Working with the Hands
There is much healing and well-being to be gained from working with the hands. It stimulates large areas of the brain encouraging an almost meditative state as one shifts focus to the detailed sensory feedback in the fingers and leaves behind thoughts and worries that can drive much of our stress and anxiety.
It is also worth noting, particularly in relation to dementia, that memory is not just in our brains. Neuroscience is now recognising that ‘receptor cells/specialised neurons’ that are found throughout the body – particularly in the fingertips, the gut and the major organs – can be understood as a kind of brain cell holding memory and intelligence; as this sensory memory is stimulated so other memories flow.

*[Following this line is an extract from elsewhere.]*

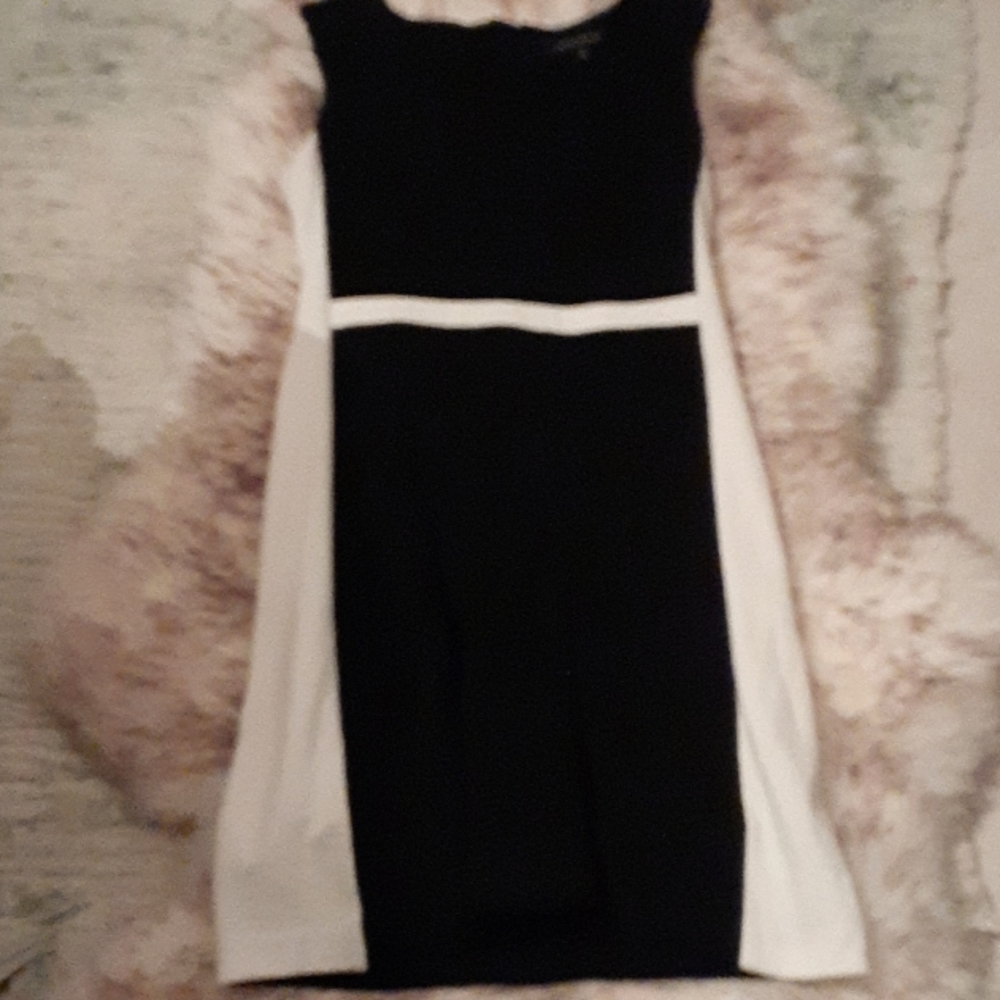 Pink Tartan Knit Dress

This is important because where words and details might be frustratingly difficult to find, self-expression and a sense of autonomy can flow more easily through the hands by making something. (see: The Incredible Human Hand).
Working with Clay
Working with clay can be very helpful: it is a sensory, natural material which can take us back to childhood memories of pottery classes at school, and even playing with mud. Going back to early memories stimulates brain plasticity allowing new skills to be acquired more easily, and stimulating old, long buried memories to bubble up to the surface (see: Brain Plasticity).
Back in the Studio

A month later the teabowls have been fired in the gas kiln, giving them a rich green finish with the white slip and incisions showing through underneath – some with deep blue highlights.
Everyone studies their finished bowl: its design, how it feels in the hands, its weight, its glaze and surface decoration, the feel of the rim on the lips, noting how to feed this information back into the making of their next piece.
Using the inspiration of the Japanese aesthetic that Bernard Leach brought to St Ives, we are recreating the Japanese tea ceremony as best we can. Jackie has fitted a Japanese door curtain above the Studio’s entrance, sourced beautiful squares of fabric to rest the teabowls on, and even recruited someone to make a small Japanese flower arrangement in the middle of the table. I sourced the tea, which each member of the group tries – experiencing the bitter, powerful and fresh taste of green powdered tea! There is much giggling and apprehension at trying something so different and new.
Dementia & Resilience
The challenges dementia brings are many and the diagnosis often comes with descriptions like ‘devastating’ and ‘heartbreaking’, and it is important to appreciate and honour the loss and pain that it can bring for both those with the symptoms and their loved ones. However, my work as a psychotherapist has taught me that we can be incredibly resilient and resourceful and, with the right strategies and support, we can be at our best when facing our greatest challenges. Dementia can also teach us how much we can achieve, how strong we can be in the face of grief and loss, how precious life is, and how caring and sharing, and joy and fun, are what really matter in life.

To watch each member of the group contribute so much love and care for one another makes it a huge privilege to share time with them. The Leach Pottery, Sensory Trust, and the Wednesday Wanderers have achieved the sharing of much pain with much joy and I take my hat off to them and thank them for allowing me to share some of that journey with them
How fabulous
My mother had dementia and I would have loved this for her.